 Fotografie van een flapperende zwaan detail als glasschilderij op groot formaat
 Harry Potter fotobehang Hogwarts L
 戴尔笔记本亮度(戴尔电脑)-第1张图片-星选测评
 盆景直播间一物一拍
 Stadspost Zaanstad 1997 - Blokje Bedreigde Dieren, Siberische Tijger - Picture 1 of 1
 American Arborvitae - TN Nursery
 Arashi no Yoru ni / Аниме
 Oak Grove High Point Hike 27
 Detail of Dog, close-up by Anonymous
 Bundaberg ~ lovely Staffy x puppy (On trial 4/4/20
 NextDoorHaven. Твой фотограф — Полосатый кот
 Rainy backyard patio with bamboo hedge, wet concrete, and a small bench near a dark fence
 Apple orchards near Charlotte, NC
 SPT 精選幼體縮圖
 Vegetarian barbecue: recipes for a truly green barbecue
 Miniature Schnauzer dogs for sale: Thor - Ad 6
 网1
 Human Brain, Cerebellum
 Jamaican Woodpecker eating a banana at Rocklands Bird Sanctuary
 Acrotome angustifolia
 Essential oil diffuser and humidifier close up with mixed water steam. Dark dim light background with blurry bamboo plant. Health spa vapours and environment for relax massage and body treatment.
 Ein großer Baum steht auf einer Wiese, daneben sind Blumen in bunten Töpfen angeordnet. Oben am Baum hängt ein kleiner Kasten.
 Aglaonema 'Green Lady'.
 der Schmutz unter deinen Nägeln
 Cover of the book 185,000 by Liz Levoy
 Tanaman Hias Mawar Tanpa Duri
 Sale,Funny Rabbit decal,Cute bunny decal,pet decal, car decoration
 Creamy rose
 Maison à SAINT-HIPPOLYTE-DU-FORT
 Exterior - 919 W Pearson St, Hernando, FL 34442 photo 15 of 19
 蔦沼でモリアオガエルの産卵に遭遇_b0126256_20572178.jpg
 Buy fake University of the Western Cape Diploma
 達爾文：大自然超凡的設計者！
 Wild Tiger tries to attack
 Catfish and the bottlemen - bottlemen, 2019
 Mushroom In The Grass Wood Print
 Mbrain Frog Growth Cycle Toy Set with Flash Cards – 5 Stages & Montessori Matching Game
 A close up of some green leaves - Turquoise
----
Exercise instructions » Reproduce nothing but the lines from the line containing "Rainy backyard patio" to the last line of the data, each exactly as written.

Solution »
 Rainy backyard patio with bamboo hedge, wet concrete, and a small bench near a dark fence
 Apple orchards near Charlotte, NC
 SPT 精選幼體縮圖
 Vegetarian barbecue: recipes for a truly green barbecue
 Miniature Schnauzer dogs for sale: Thor - Ad 6
 网1
 Human Brain, Cerebellum
 Jamaican Woodpecker eating a banana at Rocklands Bird Sanctuary
 Acrotome angustifolia
 Essential oil diffuser and humidifier close up with mixed water steam. Dark dim light background with blurry bamboo plant. Health spa vapours and environment for relax massage and body treatment.
 Ein großer Baum steht auf einer Wiese, daneben sind Blumen in bunten Töpfen angeordnet. Oben am Baum hängt ein kleiner Kasten.
 Aglaonema 'Green Lady'.
 der Schmutz unter deinen Nägeln
 Cover of the book 185,000 by Liz Levoy
 Tanaman Hias Mawar Tanpa Duri
 Sale,Funny Rabbit decal,Cute bunny decal,pet decal, car decoration
 Creamy rose
 Maison à SAINT-HIPPOLYTE-DU-FORT
 Exterior - 919 W Pearson St, Hernando, FL 34442 photo 15 of 19
 蔦沼でモリアオガエルの産卵に遭遇_b0126256_20572178.jpg
 Buy fake University of the Western Cape Diploma
 達爾文：大自然超凡的設計者！
 Wild Tiger tries to attack
 Catfish and the bottlemen - bottlemen, 2019
 Mushroom In The Grass Wood Print
 Mbrain Frog Growth Cycle Toy Set with Flash Cards – 5 Stages & Montessori Matching Game
 A close up of some green leaves - Turquoise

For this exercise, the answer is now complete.